# BRIEF:
The lines to repeat are those below from the one containing "LEGO Harry Potter" down to the one containing "6 Drawer Rolling", both included; reproduce them exactly and nothing else.

# LISTED ENTRIES:
*****
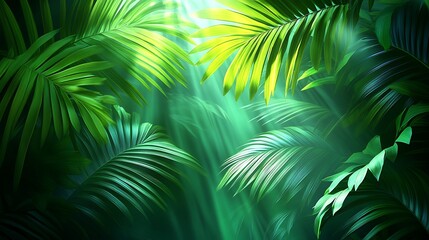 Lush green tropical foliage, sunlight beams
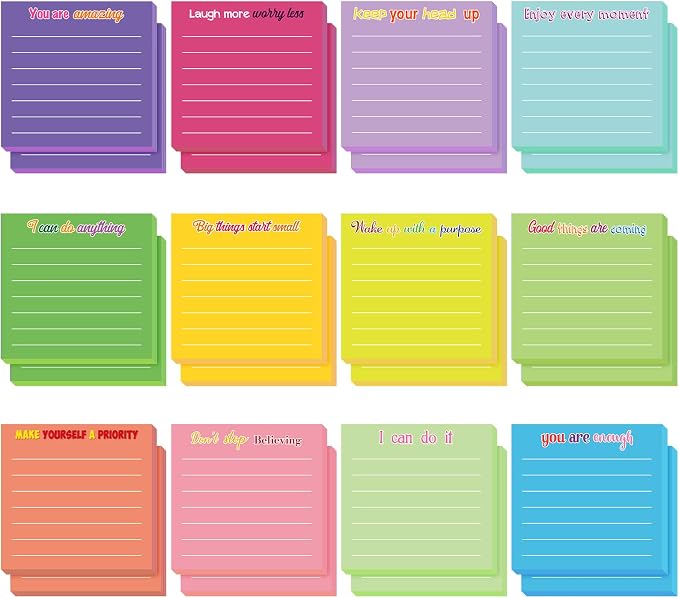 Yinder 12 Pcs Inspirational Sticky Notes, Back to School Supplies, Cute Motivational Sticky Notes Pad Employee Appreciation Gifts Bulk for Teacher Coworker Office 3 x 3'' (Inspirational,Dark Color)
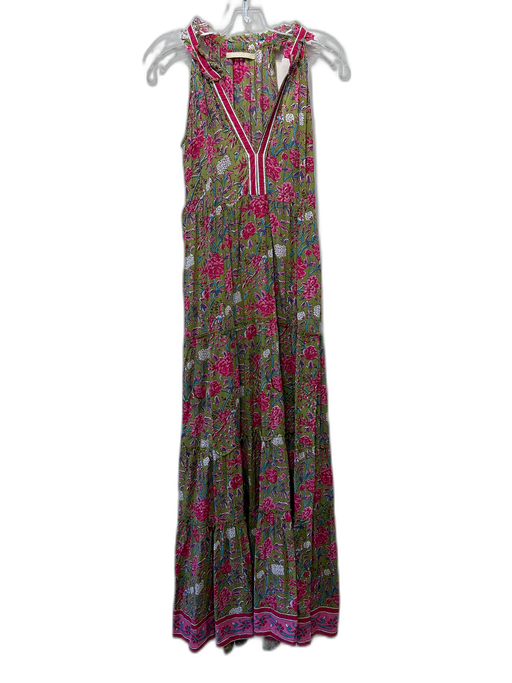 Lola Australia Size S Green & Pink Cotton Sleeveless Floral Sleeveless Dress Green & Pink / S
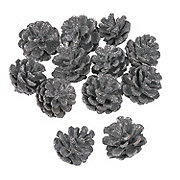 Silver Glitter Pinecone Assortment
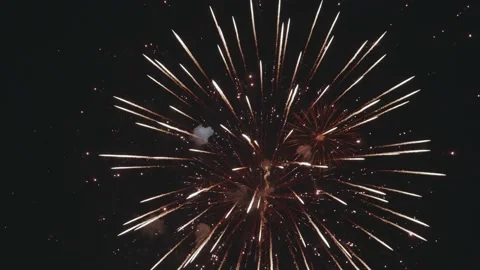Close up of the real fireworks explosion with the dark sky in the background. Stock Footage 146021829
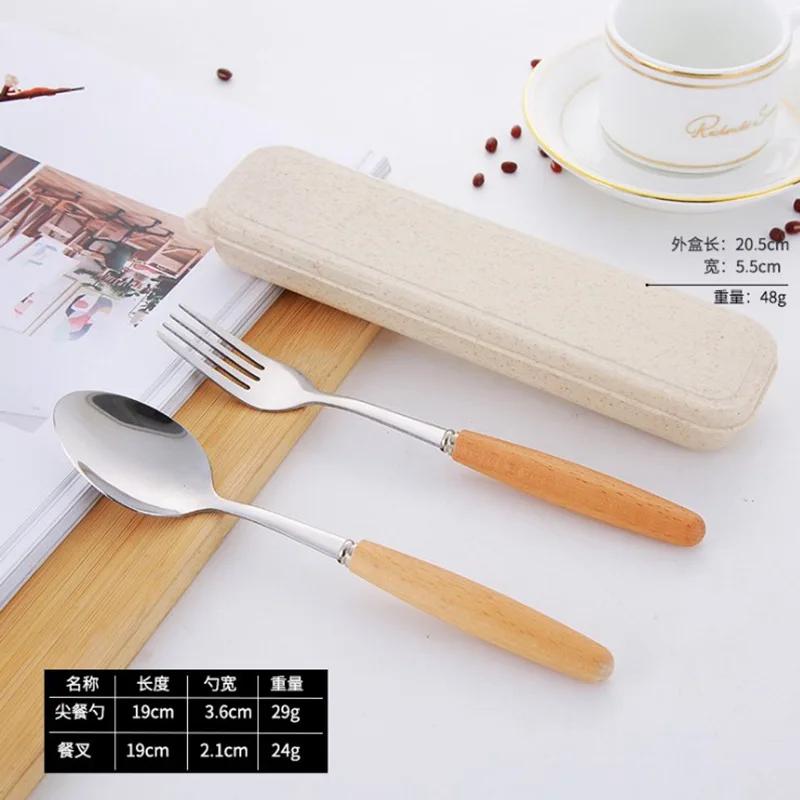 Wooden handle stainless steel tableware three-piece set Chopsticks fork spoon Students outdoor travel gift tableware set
*****
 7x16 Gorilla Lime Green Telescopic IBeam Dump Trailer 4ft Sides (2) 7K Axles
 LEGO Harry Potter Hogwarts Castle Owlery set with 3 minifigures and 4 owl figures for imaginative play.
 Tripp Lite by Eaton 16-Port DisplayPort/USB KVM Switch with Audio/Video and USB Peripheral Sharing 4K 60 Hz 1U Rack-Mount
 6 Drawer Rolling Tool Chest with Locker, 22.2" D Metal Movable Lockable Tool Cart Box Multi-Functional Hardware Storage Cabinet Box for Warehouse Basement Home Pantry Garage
*****
# ANSWER SECTION:
 LEGO Harry Potter Hogwarts Castle Owlery set with 3 minifigures and 4 owl figures for imaginative play.
 Tripp Lite by Eaton 16-Port DisplayPort/USB KVM Switch with Audio/Video and USB Peripheral Sharing 4K 60 Hz 1U Rack-Mount
 6 Drawer Rolling Tool Chest with Locker, 22.2" D Metal Movable Lockable Tool Cart Box Multi-Functional Hardware Storage Cabinet Box for Warehouse Basement Home Pantry Garage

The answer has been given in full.